Griffiths also raised alarm about the increase in cross-border attacks in recent weeks, highlighting concerns that missile and drone attacks targeted civilian and commercial infrastructure in neighbouring Saudi Arabia and around Yemen’s Houthi-held capital, Sanaa.

Yemen’s war broke out in late 2014 when the Houthis seized large swaths of the country, including Sanaa. The conflict escalated significantly in March 2015 when Saudi Arabia and the United Arab Emirates assembled a United States-backed military coalition in an attempt to restore the government of President Abd-Rabbu Mansour Hadi.

The latest escalation comes amid renewed diplomatic efforts by the UN and the US to reach a ceasefire that would pave the way for a resumption of UN-sponsored political talks to end the protracted conflict that has killed tens of thousands of people, destroyed much of Yemen’s infrastructure and pushed millions of people to the brink of starvation.

“Famine has now arrived to add to the tragedy of Yemen,” Griffiths said. “It is logical therefore and it has been incumbent for the parties now more than ever to stop the fighting and silence the guns.”

Other fronts

Besides Marib, Griffiths said fighting had opened on other fronts in Yemen, including Hajjah, Taiz and the port of city Hodeidah, where the situation was especially bleak.
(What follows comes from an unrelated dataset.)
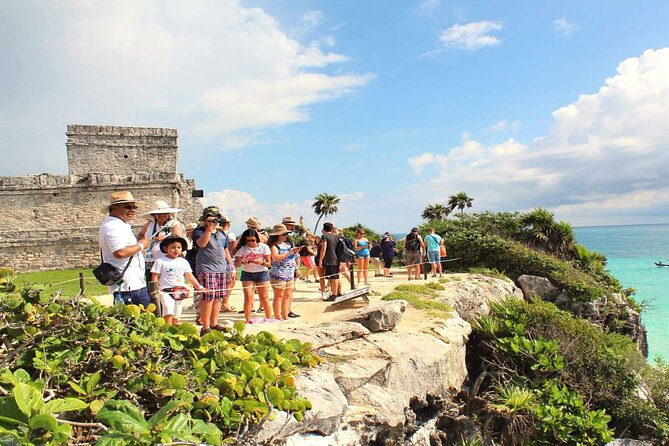 4x1 Full Day Tour: Tulum, Coba, Cenote and PDC, from Cancun - Discovering the Jungle and Pyramid at Coba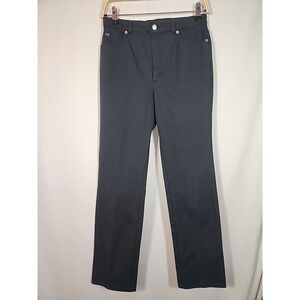 Escada Straight Leg Cotton Stretch Classic 5 Pocket Chinos Pants Womens 38 US 8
“There has been a troubling continuation of violence causing civilian deaths and injuries, including women and children,” he said, adding that the prevention of fuel imports was further complicating the crisis.

“Even as the conflict intensifies, acute fuel shortages for civilians persist in Sanaa and surrounding areas. Fuel imports have not been permitted to enter Hodeidah since January. This has contributed to increase in cost of basic commodities,” said Griffiths.

“It is vital that obstacles to the import of fuel and distribution for civilian use are removed,” added the envoy, calling on all parties to priorities civilian needs and not weaponise the economy.

Reporting from the UN headquarters in New York, Al Jazeera’s diplomatic editor James Bays said diplomats were concerned the deterioration infighting made the situation in Yemen, already described as the world’s worst humanitarian crisis, even worse.

“The UN has been warning for months of an imminent famine in Yemen,” said Bays. “With the fighting only escalating, there is not the money to feed the people. The UN at the beginning of the month put out at appeal to get $3.85bn from the international community as a matter of urgency, otherwise, people were going to stave. They only managed to less than half of that, $1.7bn.”

Independent probe into Sanaa fire

In his address, Griffiths also called for an independent probe of a March 7 fire in Sanaa that killed dozens of migrants and wounded more than 170 in a holding facility.

Griffiths said: “The world was reminded of the plight of the migrant community last week when an extraordinary, horrific fire broke out at a detention facility in Sanaa holding predominantly Ethiopian migrants.

“There must be an independent investigation into the cause of the fire.”

Earlier on Tuesday, Human Rights Watch blamed the fire on “unidentified projectiles” fired by the Houthis.